# yanmar2002



## allenclark (Feb 4, 2005)

Does anyone know of any dealerships or mechanics that work on yanmar tractors in the Tampa, St. Petersburg, Hernando County or Citrus County areas in Florida?


----------



## DrBailey (Nov 14, 2004)

Hello Allen and Welcome to the Tractorforum.
I don`t know anything about Fl. . But give it time , someone can and will help you.
I hope you enjoy the forum as much as I have.


----------



## Live Oak (Dec 22, 2003)

I can't make any promises but perhaps one of these dealers may be able to help you out or direct you to someone who can. 

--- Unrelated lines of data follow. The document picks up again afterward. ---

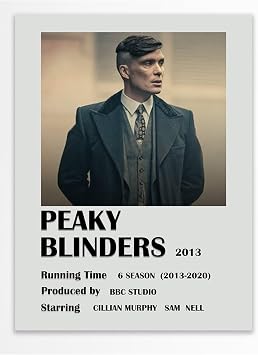 Postifull Peaky Blinders - Çerçevesiz Poster - Duvar Dekoru - Dizi Ve Film Afiş Posterleri - Kalın Kuşe Kağıt;50 X 70 Gri - 15
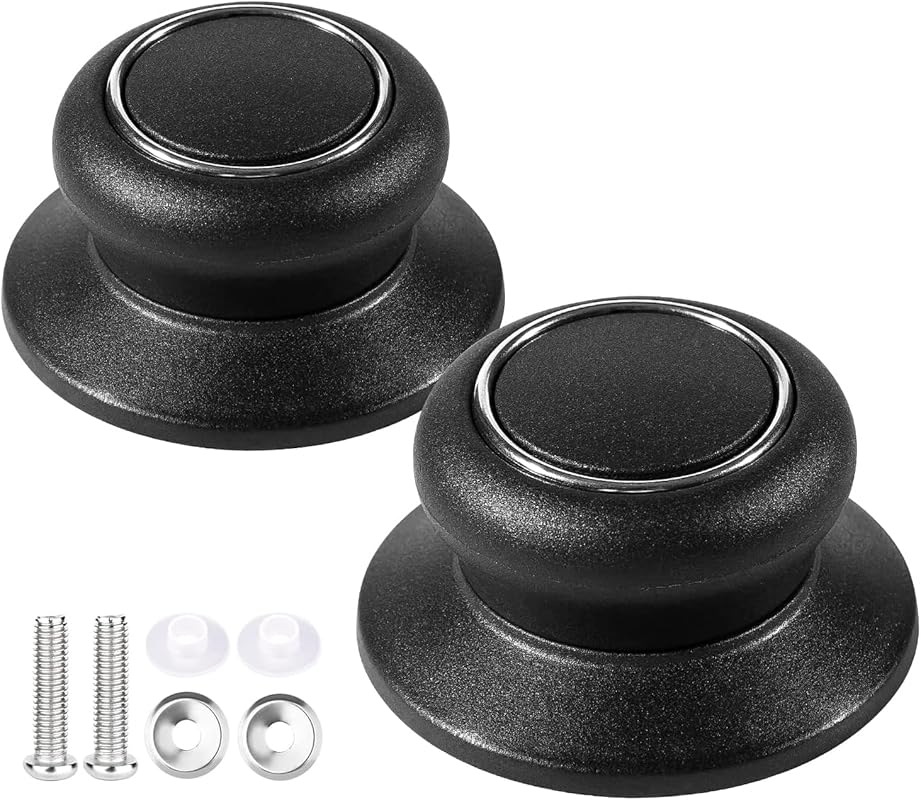 2 Pack Universal Pot Lid Handles, Heat Resistant Replacement Knobs for
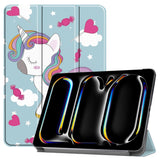Husa tableta pentru iPad Pro 11 (2024), Techsuit FoldPro, Butterfly
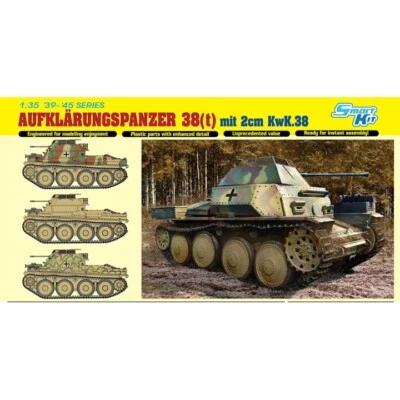 Dragon #6890 1/35 AUFKLARUNGSPANZER 38(t)w/2cm KwK38 - Image 1 of 2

Florida Yanmar Distributors 

Let me add my welcome to Tractor Forum as well Allen! :friends: :cheers:


----------



## mark777 (Jul 23, 2004)

*Yanmar 2002*

Hello Allen,

I know of a few owners in FL. 

Is there a specific problem with the tractor? Or are you trying to locate periodic maintenance products? Parts?

I believe I can relay the county information you provided to some other owners via email, and find someone that works on, and services Yanmar grey tractors....If you like.

Regards, Mark


----------



## allenclark (Feb 4, 2005)

*yanmar 2002*

I have a howse 4 feet bush hog, 4 foot box balde, both in new condition. I need a bigger tractor with front end loader and at least a 5 ft. bushhog. will sell all for $4000. or trade. I live in Pasco County Florida


----------